> _Task requirements_
For this exercise, retype the lines from the one that holds "Louis Vuitton 루이" through the one that holds "Vibrador Duplo 9" in the records below, both included, exactly and without pictures.

> _Dataset content_
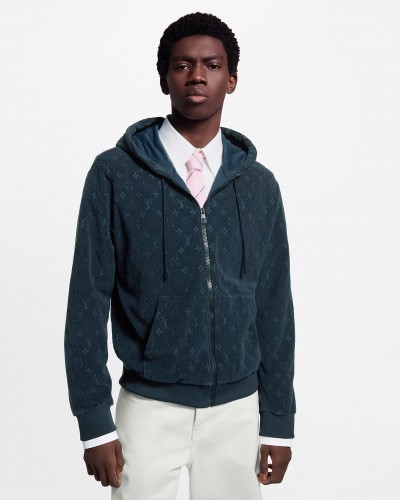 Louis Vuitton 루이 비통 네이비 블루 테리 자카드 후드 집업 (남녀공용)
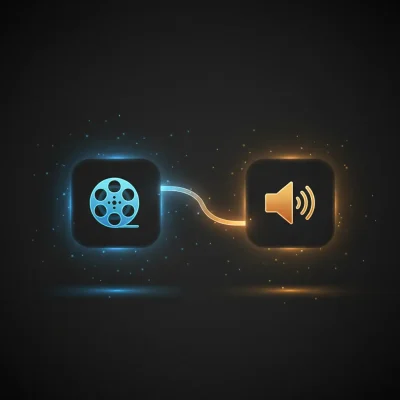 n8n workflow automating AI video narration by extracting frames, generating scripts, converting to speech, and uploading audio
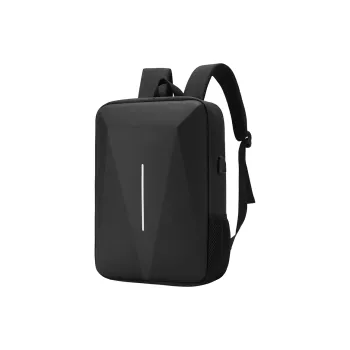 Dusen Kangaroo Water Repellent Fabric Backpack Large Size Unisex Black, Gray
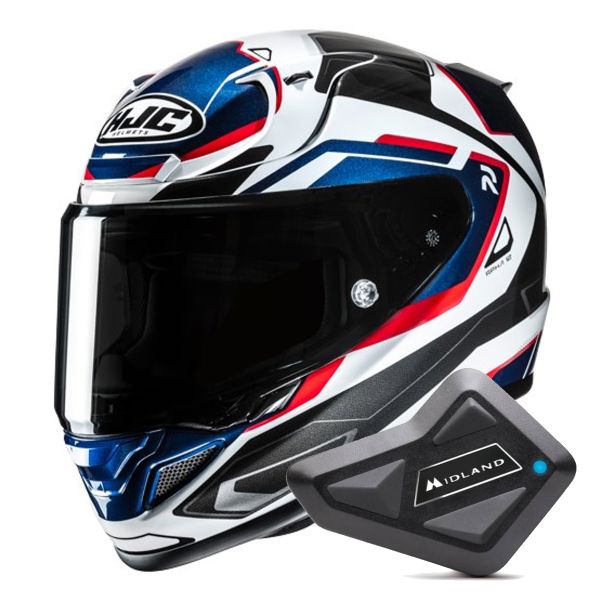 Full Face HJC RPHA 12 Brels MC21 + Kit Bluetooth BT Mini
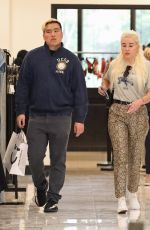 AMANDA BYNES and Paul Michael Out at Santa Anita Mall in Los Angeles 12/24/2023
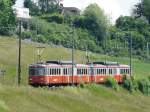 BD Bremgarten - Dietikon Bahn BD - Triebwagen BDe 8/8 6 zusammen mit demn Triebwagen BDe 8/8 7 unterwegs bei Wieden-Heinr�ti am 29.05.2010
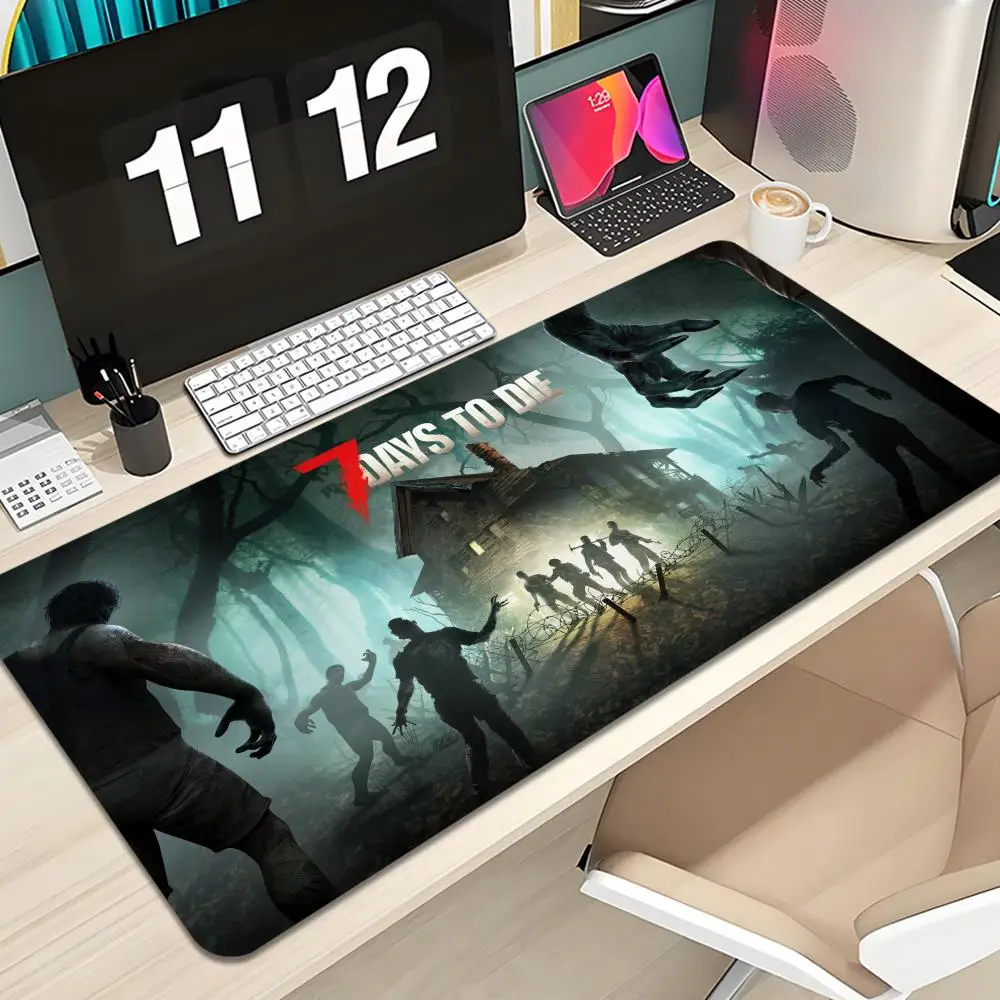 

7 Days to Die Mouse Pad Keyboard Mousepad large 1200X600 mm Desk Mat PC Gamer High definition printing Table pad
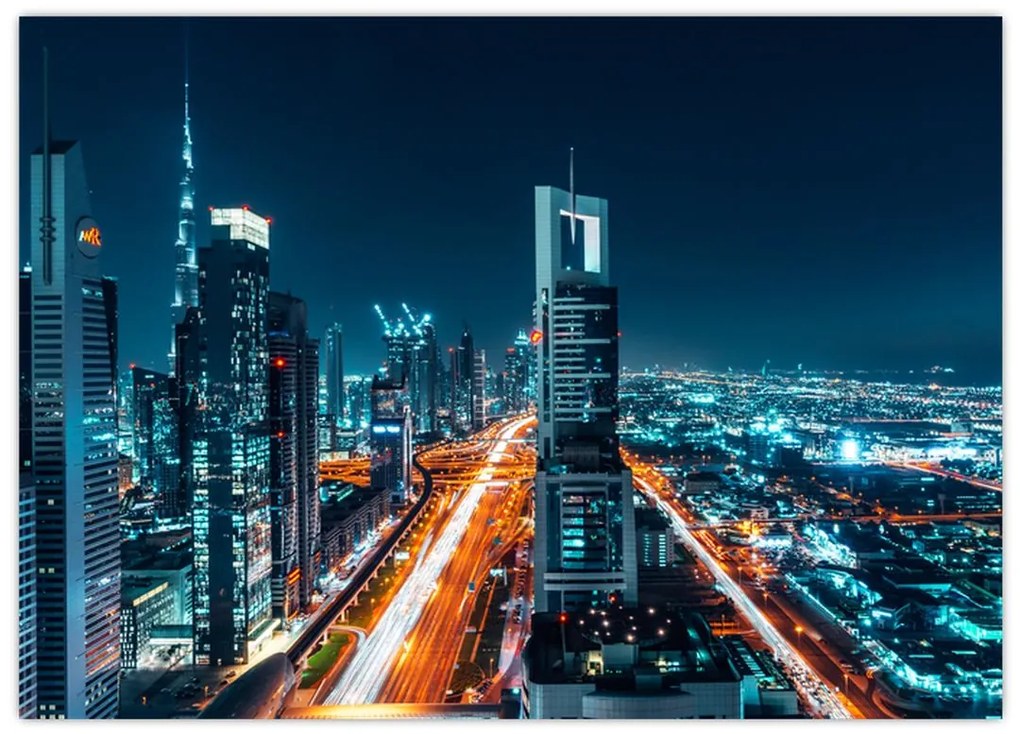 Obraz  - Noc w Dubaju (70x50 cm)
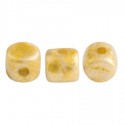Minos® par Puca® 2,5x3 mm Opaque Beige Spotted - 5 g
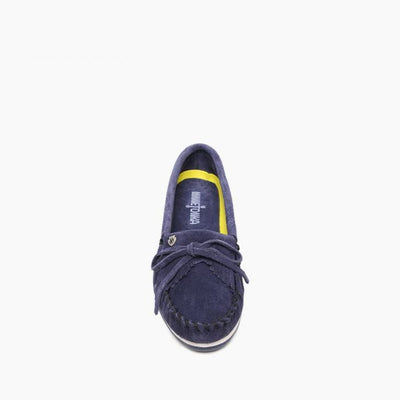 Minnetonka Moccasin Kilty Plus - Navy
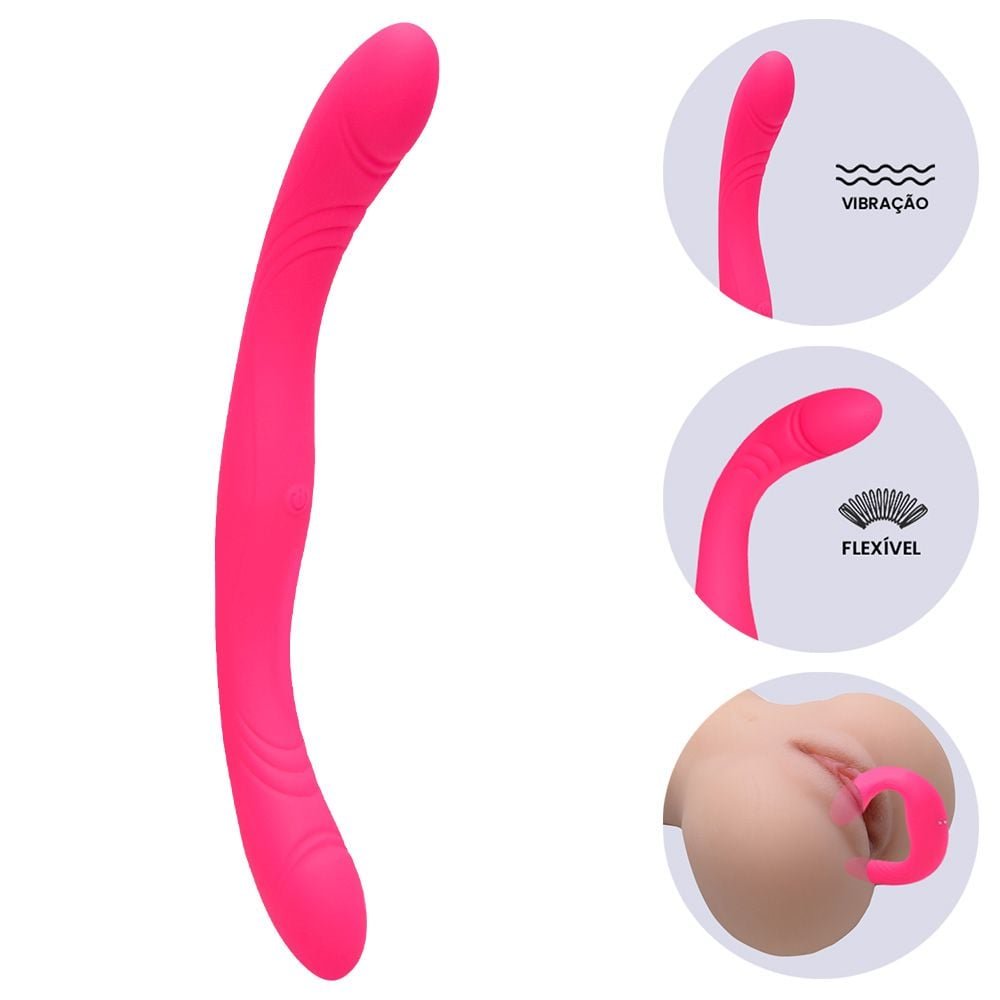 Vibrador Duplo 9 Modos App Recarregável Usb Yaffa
---
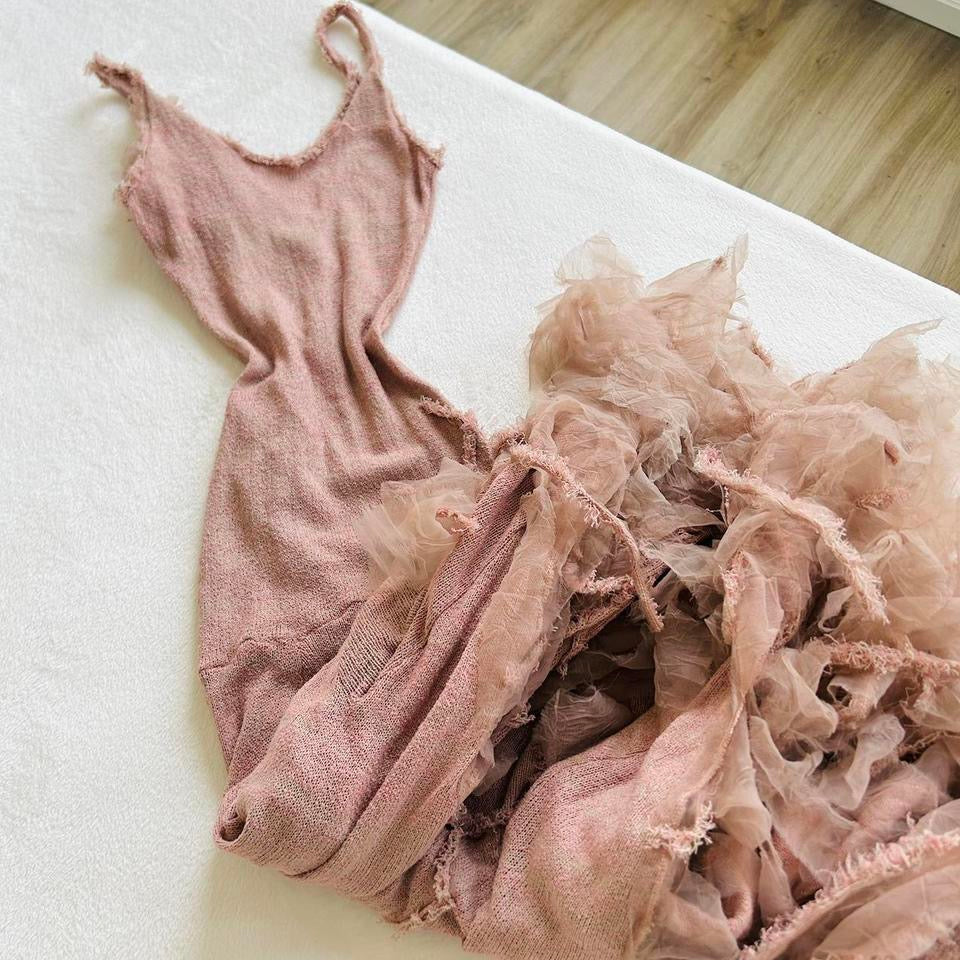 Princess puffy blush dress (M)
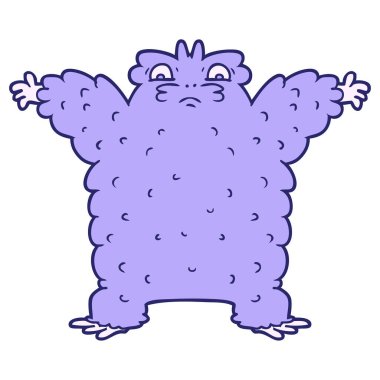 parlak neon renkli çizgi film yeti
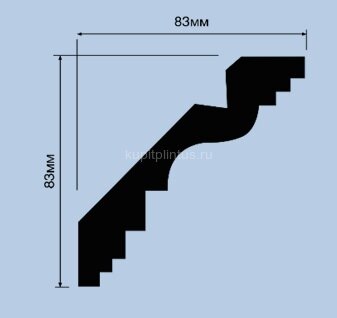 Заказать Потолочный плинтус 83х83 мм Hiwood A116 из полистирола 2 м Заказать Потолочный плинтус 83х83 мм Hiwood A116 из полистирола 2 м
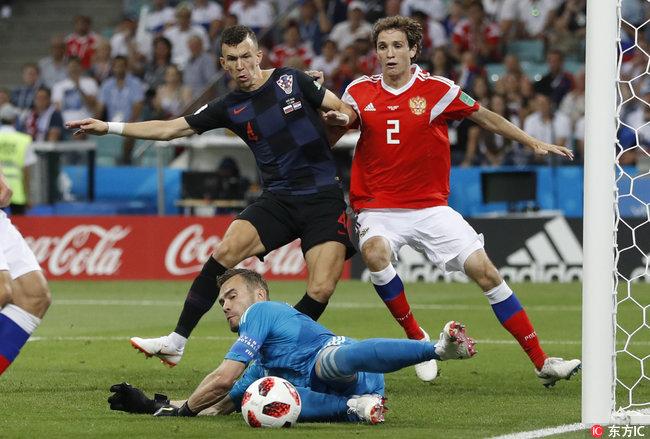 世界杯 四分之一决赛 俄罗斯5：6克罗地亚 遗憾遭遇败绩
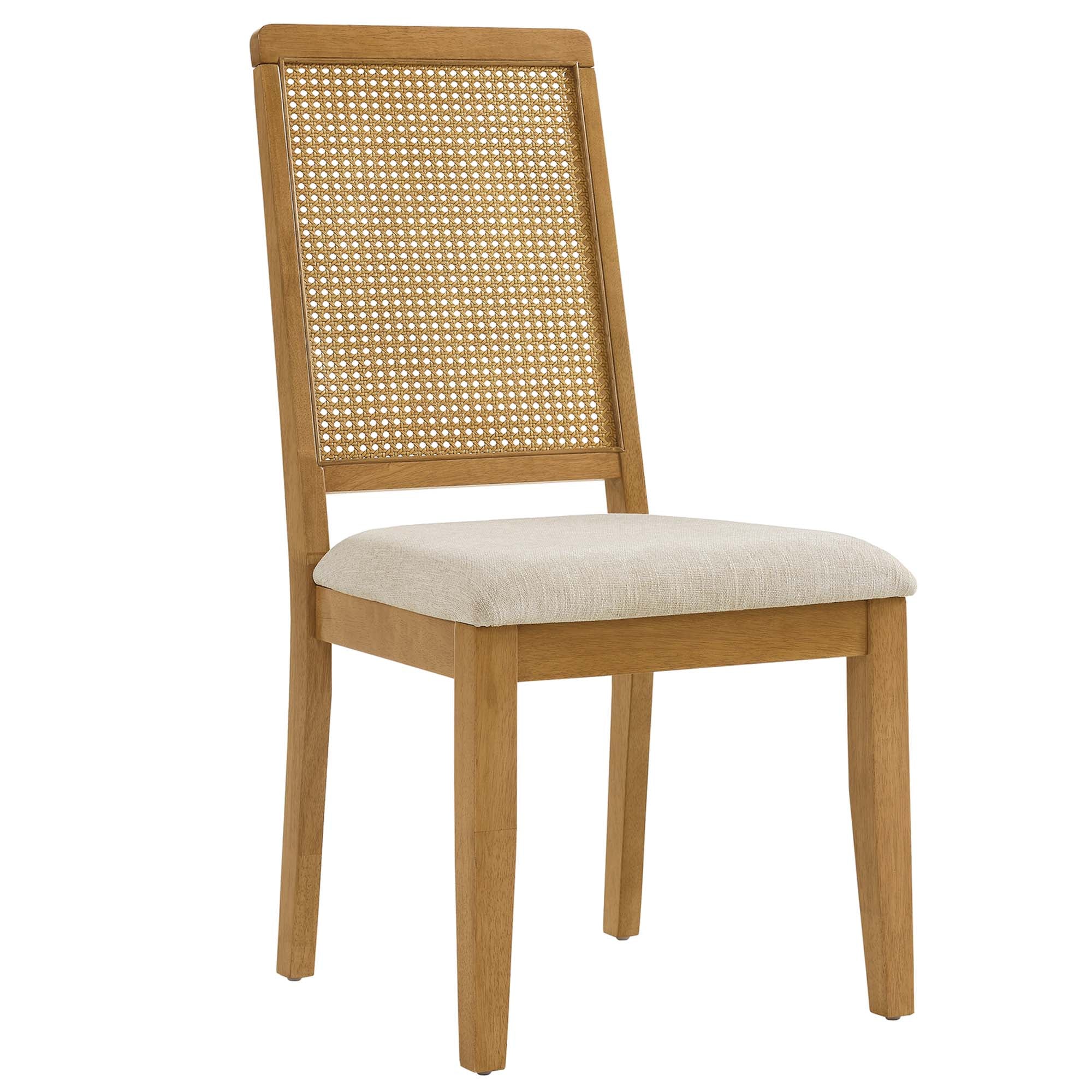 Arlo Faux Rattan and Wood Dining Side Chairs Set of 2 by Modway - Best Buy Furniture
--
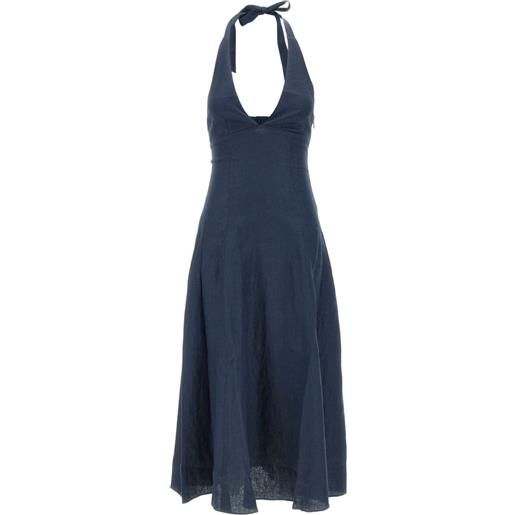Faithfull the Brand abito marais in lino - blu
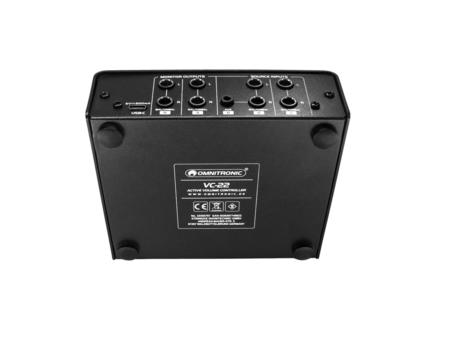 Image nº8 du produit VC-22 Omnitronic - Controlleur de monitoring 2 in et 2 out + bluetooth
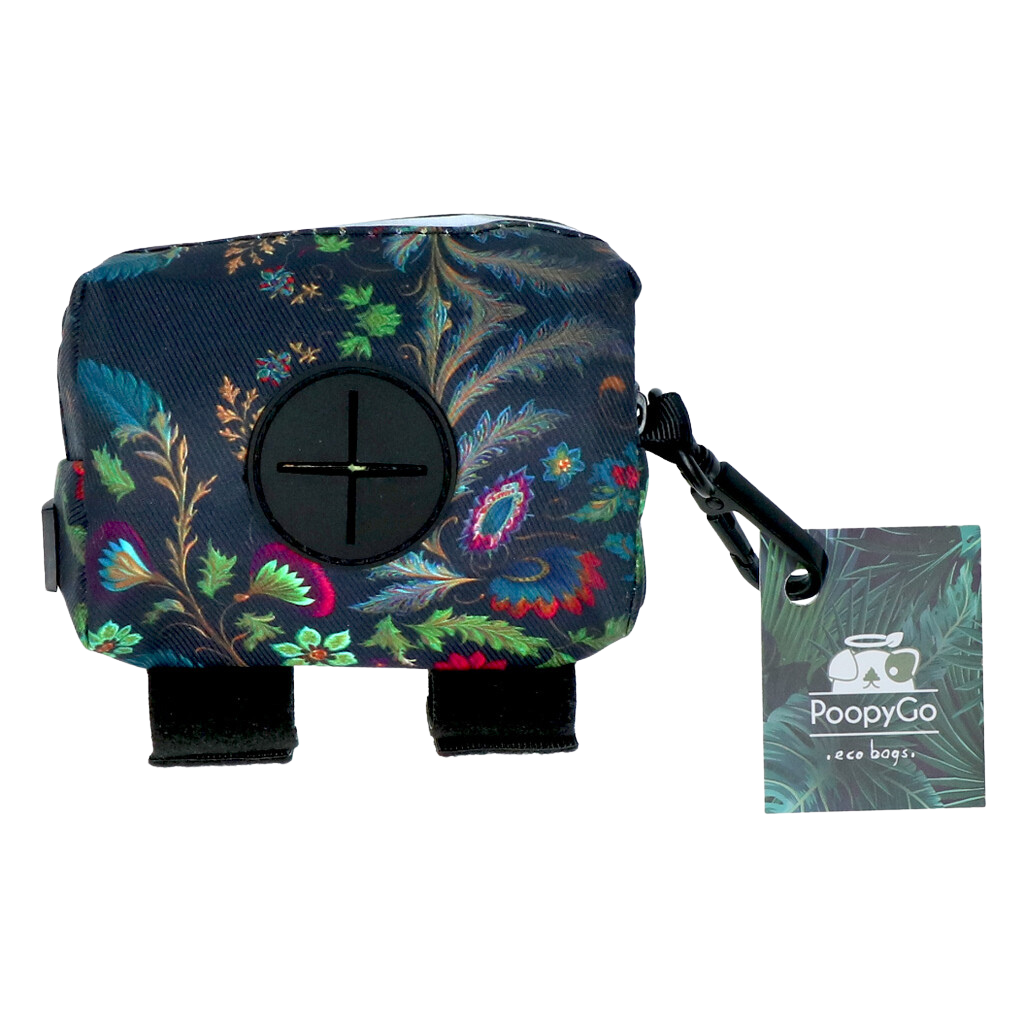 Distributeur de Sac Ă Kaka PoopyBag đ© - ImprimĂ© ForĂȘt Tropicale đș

> _Exercise solution_
 Louis Vuitton 루이 비통 네이비 블루 테리 자카드 후드 집업 (남녀공용)
 n8n workflow automating AI video narration by extracting frames, generating scripts, converting to speech, and uploading audio
 Dusen Kangaroo Water Repellent Fabric Backpack Large Size Unisex Black, Gray
 Full Face HJC RPHA 12 Brels MC21 + Kit Bluetooth BT Mini
 AMANDA BYNES and Paul Michael Out at Santa Anita Mall in Los Angeles 12/24/2023
 BD Bremgarten - Dietikon Bahn BD - Triebwagen BDe 8/8 6 zusammen mit demn Triebwagen BDe 8/8 7 unterwegs bei Wieden-Heinr�ti am 29.05.2010

7 Days to Die Mouse Pad Keyboard Mousepad large 1200X600 mm Desk Mat PC Gamer High definition printing Table pad
 Obraz  - Noc w Dubaju (70x50 cm)
Minos® par Puca® 2,5x3 mm Opaque Beige Spotted - 5 g
 Minnetonka Moccasin Kilty Plus - Navy
 Vibrador Duplo 9 Modos App Recarregável Usb Yaffa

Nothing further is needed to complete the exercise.